下に紬が仰向けに、陸斗は覆い被さるように腕立て伏せのような格好で体勢になった。

 急接近すぎる。しかも不意打ちで。
 冷や汗がとまらない。

 でも、この後どうすれば。

 右手では写真アルバムを握りしめたまま。

 声をかけられ、紬はそれをとろうとして、ドサっと倒れた。

 美嘉たちの話を聞いていた紬は、何だか変な想像、妄想が頭から離れられない。

 こういう時どうするのって、頭がパニックになって咄嗟にギュッと目をつぶった。


 陸斗は、今まで付き合った女子とキスや手繋ぎ以上のことをしたことがなく、その先を考えるのに慎重になりすぎて見切られることが多かった。


 イメージと違うと飽きられる。

 
 もう失敗したくない。


 大事にしたいという気持ち。


 紬には、届いて欲しい。
 
 
 目を閉じてるってことは
 いいのだろうか。

 嫌がっているだろうか。
  
 いや、頭を横に振って、気持ちを切り替えた。

 そっと、紬の横に寝転んだ。

「…ねぇ、何考えているの?」

「え、えっと…そのアルバムの中身が気になる。」

 ハッと現実に戻ってきた紬は、聞かれたことに答えた。陸斗は、見せたくないアルバムを静かに開こうとした。

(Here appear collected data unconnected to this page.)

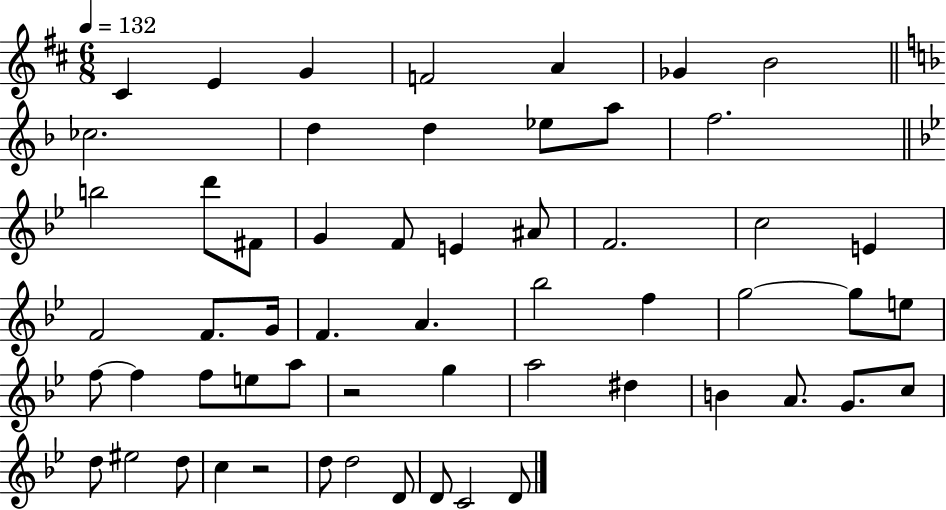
X:1
T:Untitled
M:6/8
L:1/4
K:D
^C E G F2 A _G B2 _c2 d d _e/2 a/2 f2 b2 d'/2 ^F/2 G F/2 E ^A/2 F2 c2 E F2 F/2 G/4 F A _b2 f g2 g/2 e/2 f/2 f f/2 e/2 a/2 z2 g a2 ^d B A/2 G/2 c/2 d/2 ^e2 d/2 c z2 d/2 d2 D/2 D/2 C2 D/2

「気になるんだよね。見せるけど、見る前に目をつぶってね。」

「う、うん。」

 固まった体勢の変な雰囲気から一転して、明るくなった。

 陸斗はそっと20ページはある写真アルバムを開いた。

 それは、陸斗が生まれたばかりの赤ちゃんの写真から始まっていた。
 
 おくるみに包まれた母に抱っこされている陸斗。

 
 まだ目も開けてない状態だった。

 全然恥ずかしいことなんてない写真なのに、なんで嫌がるんだろうと不思議で仕方ない。


「全然、嫌がらなくてもいいじゃない。可愛いね。」

「そぉ? 見て欲しくないわけじゃないんだけど、きちんと整理してないからさ。」

 ゆっくりと次ページをめくる。

 次は初めて首が座った日、初めてたっちができた日、初めて歩いた日。

 全部、初めて記念日の写真になっていた。

 ペラペラとめくると、何だか、紬は感動して涙が出てきた。


 親戚や両親からとても大事に育てられてきた陸斗が愛おしく思えてきた。

 笑顔の写真や怒っている写真などどんな陸斗も両親にとっては大切な一枚の写真として残されている。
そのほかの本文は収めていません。